Al-Madina : « Si Téhéran s’intéresse au succès de son programme nucléaire à des fins pacifiques, et souhaite accomplir des progrès afin s’assurer la prospérité de son peuple, elle doit maximaliser sa coopération avec l’AIEA. L’AIEA, de son côté, doit faire preuve d’un peu de souplesse vis-à-vis de Téhéran, puisque équiper sa centrale de combustible nucléaire est le point de non-retour. Quand cela arrivera, la centrale de Buchehr deviendra une installation d’énergie nucléaire. Toutes les parties doivent faire preuve de bon sens face à la nouvelle situation, et s’assurer que l’inauguration de Buchehr n’est pas le début de perturbations et de secousses régionales ».

Je me souviens également d’une analyse de Caroline Glick (elle est Senior Middle East Fellow au Center for Security Policy à Washington et Deputy Managing Editor du Jerusalem Post) dans la Jewish World Review (extraits) : « Dans ‘Commentary’, Arthur Herman expose de façon déprimante les plans déclarés et les décisions prochaines du gouvernement Obama pour détruire l’armée des USA de l’intérieur. Obama ne reviendra pas sur la stratégie politique actuelle des USA au Moyen-Orient qui s’appuie sur l’ignorance de l’éléphant nucléaire iranien au milieu de la pièce. Il n’agira pas pour renverser le régime ou soutenir toutes les forces qui renverseraient ce régime. Les perspectives pour la région dépendent de savoir si le Premier ministre Binyamin Netanyahu aura ou non le courage de donner l’ordre à Tsahal d’attaquer les installations nucléaires de l’Iran ».

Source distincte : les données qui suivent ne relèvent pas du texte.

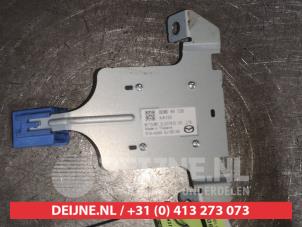 Mazda 3 GPS antenna O587580 photo 2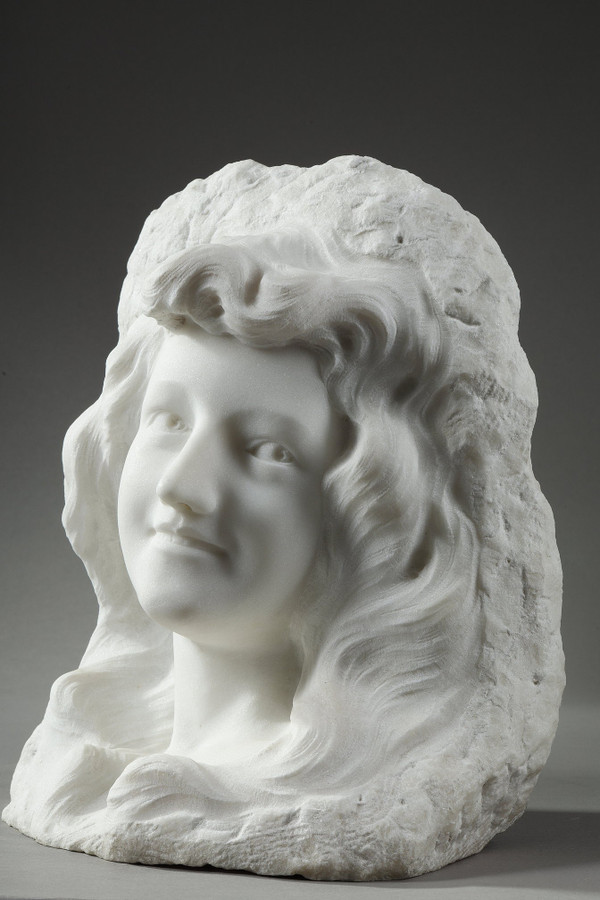 Busto di giovane donna in marmo di Carrara, XIX secolo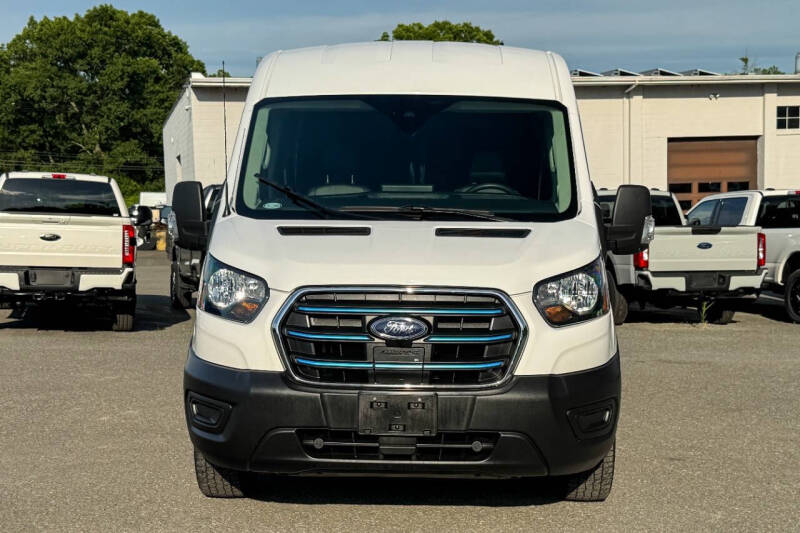 2022 Ford E-Transit 350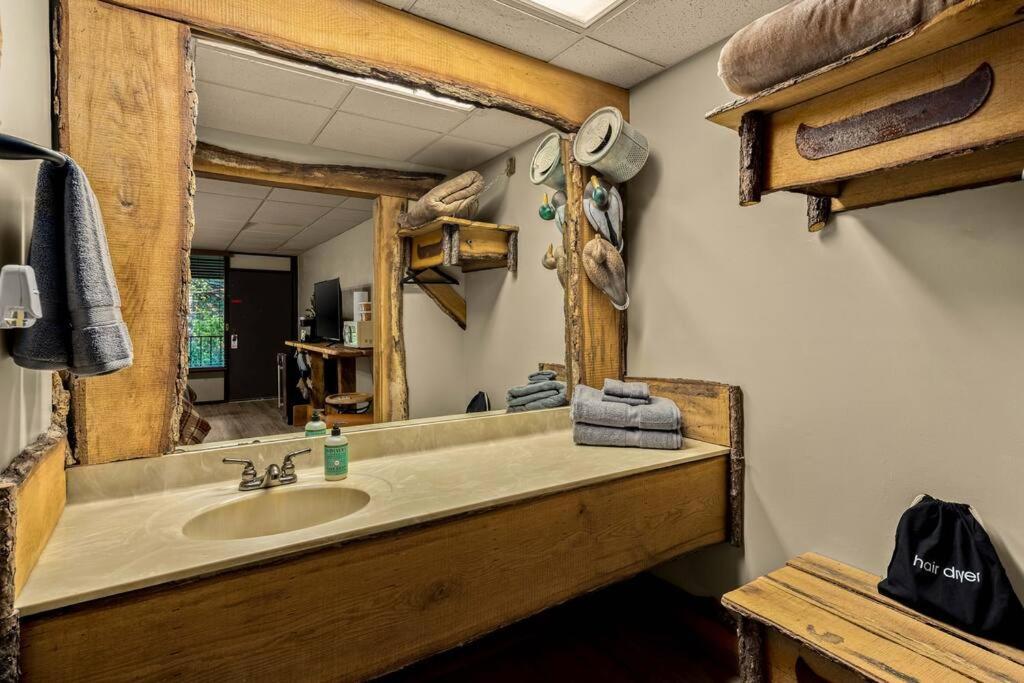 Stonegate Lodge King Bed Wifi 50 In Roku Tv Salt Water Pool Room # 101 Юрика-Спрінгс Екстер'єр фото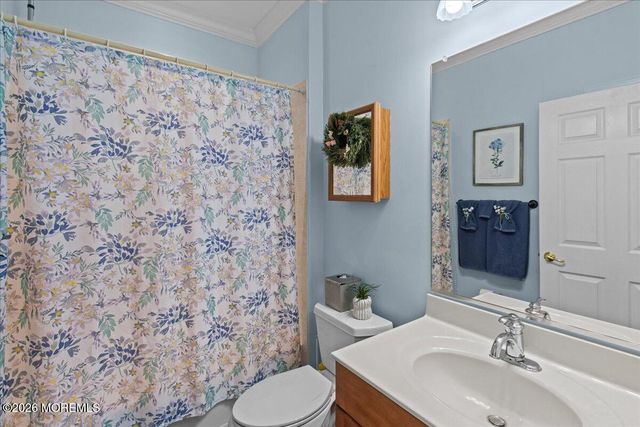 6 Marbella Court, Hamilton, NJ 08691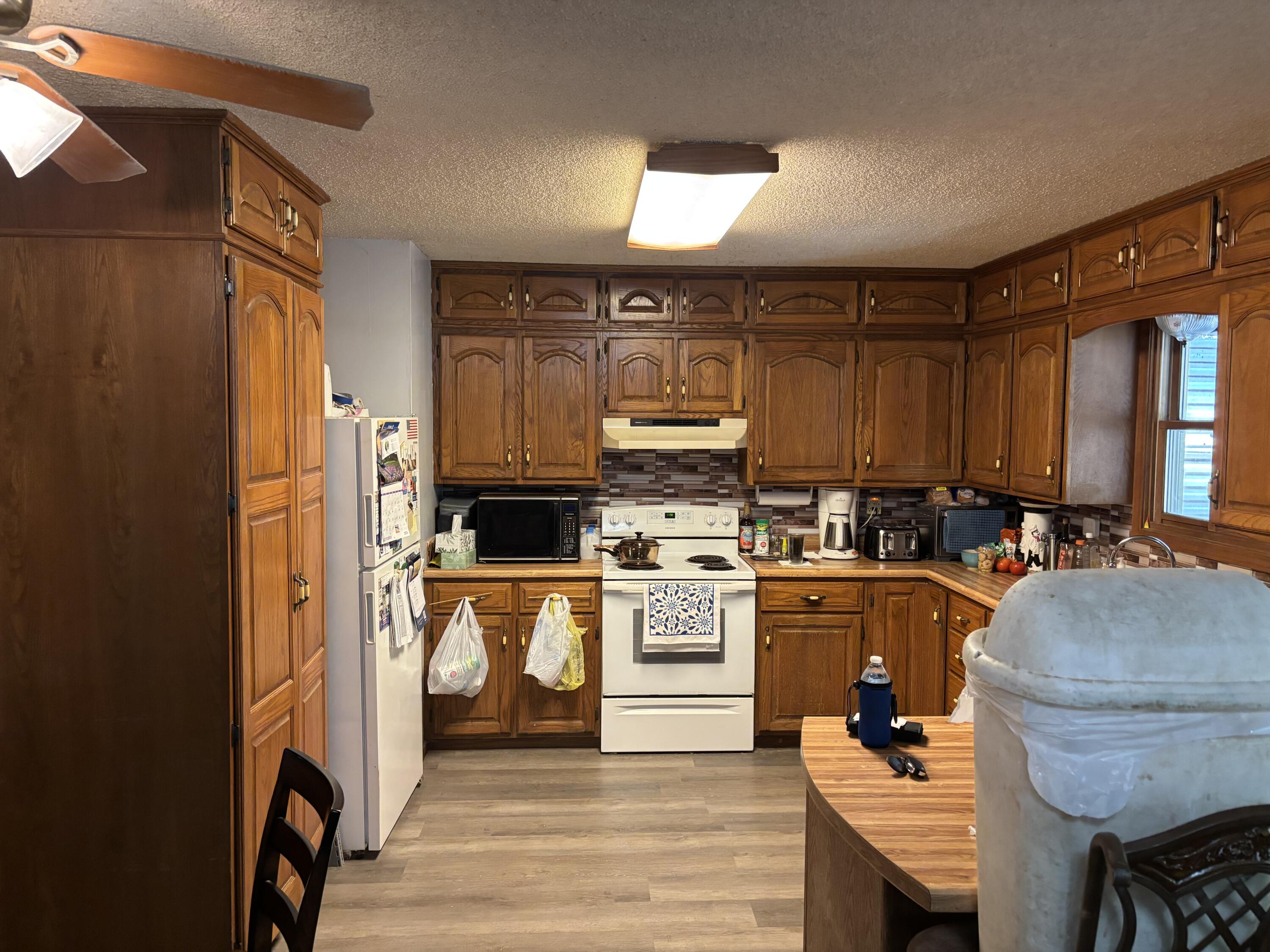 31 Bison Road Property Photo 4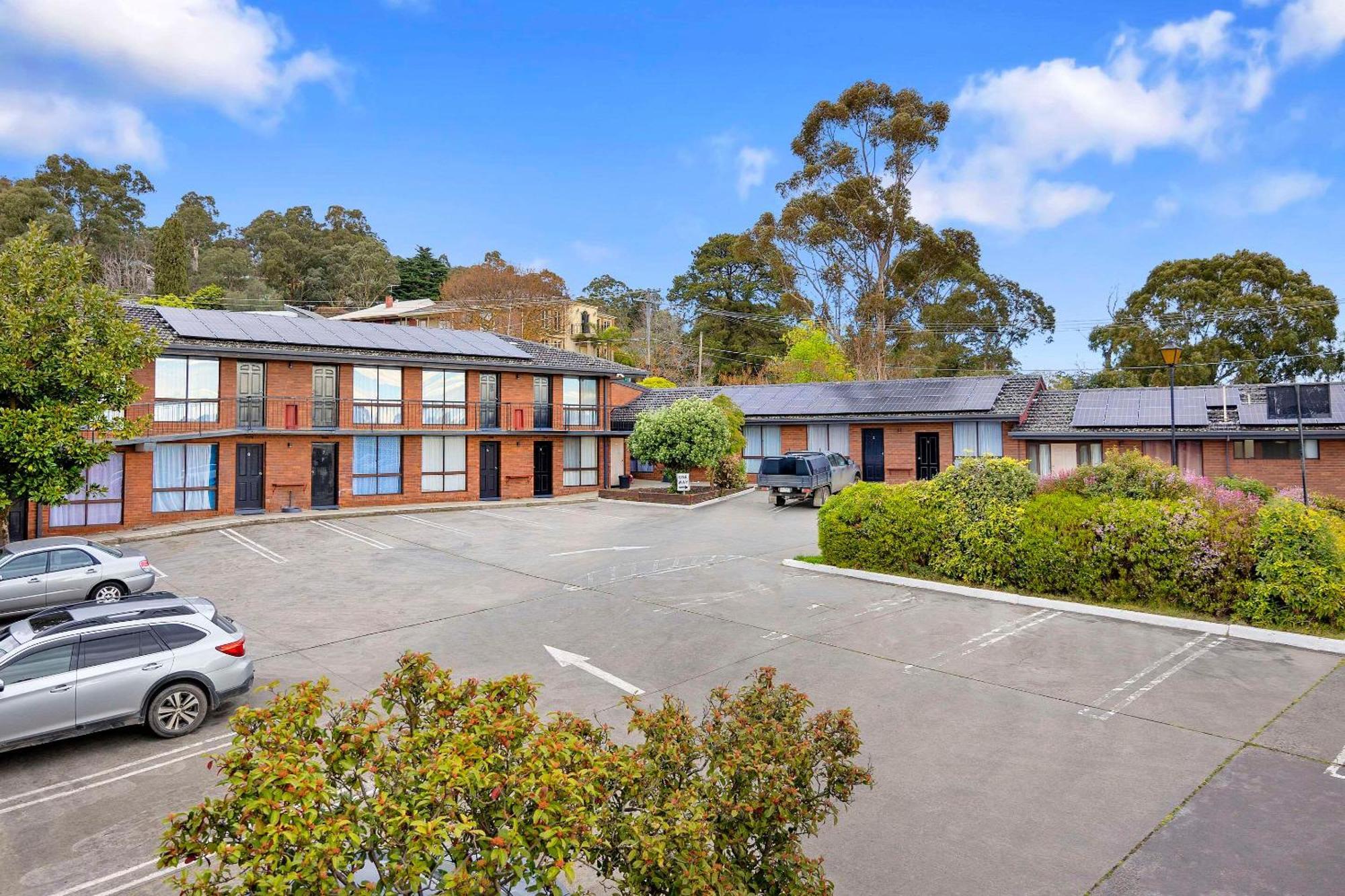 Econo Lodge Lilydale Bagian luar foto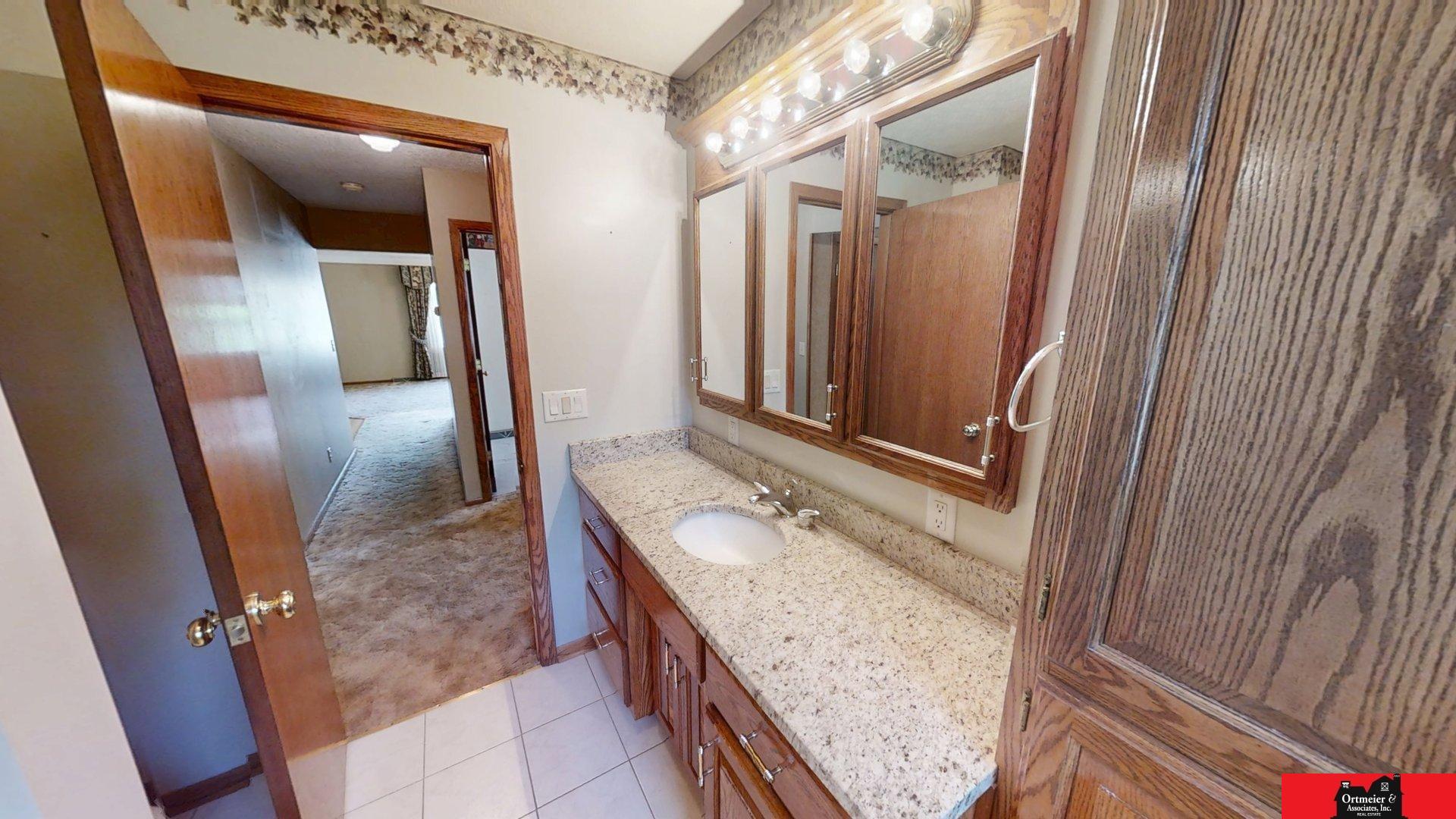 952 E Sherman Street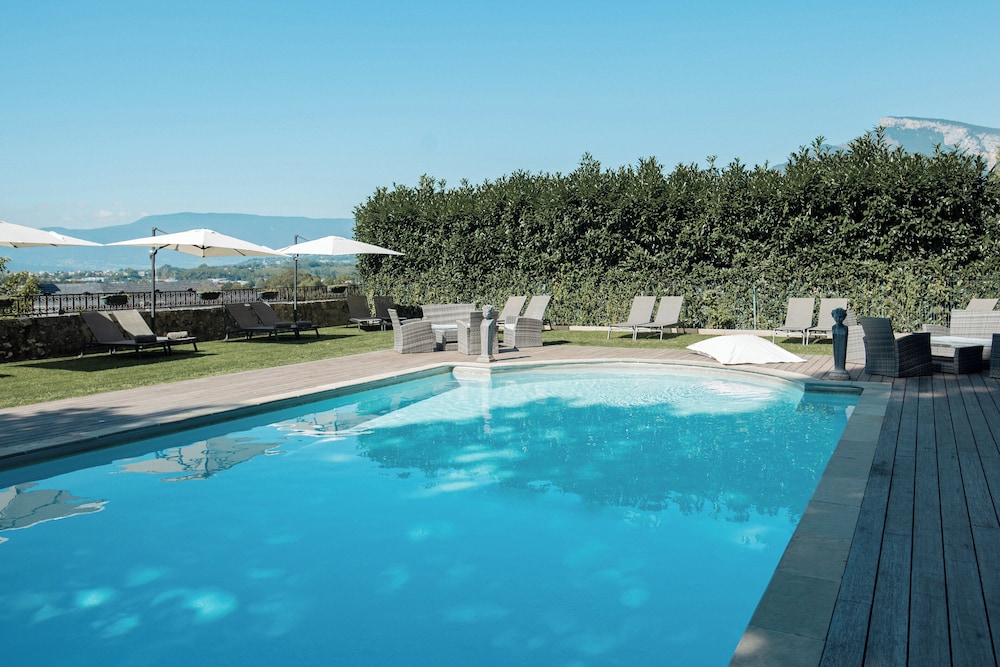 Chateau des Comtes de Challes 28/56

Caroline Glick : « Et il est vrai aussi que si une frappe israélienne est suffisamment couronnée de succès, cela renforcerait beaucoup de forces positives dans la région – depuis Téhéran, le Kurdistan, Ankara et Beyrouth » (Note de Michel Garroté : « forces positives », à savoir les opposants démocratiques aux courants islamiques violents et/ou aux dictatures). Mais à moyen et long terme, rien ne peut remplacer l’Amérique. Aussi longtemps que les USA suivent leur trajectoire de cécité stratégique, les Irakiens seront loin d’être les seuls à souffrir. La seule manière de sauvegarder l’Irak est de renverser le régime en Iran ». (Fin des extraits de l’analyse de Caroline Glick parue dans la Jewish World Review. Adaptation française de Sentinelle 5770 ©).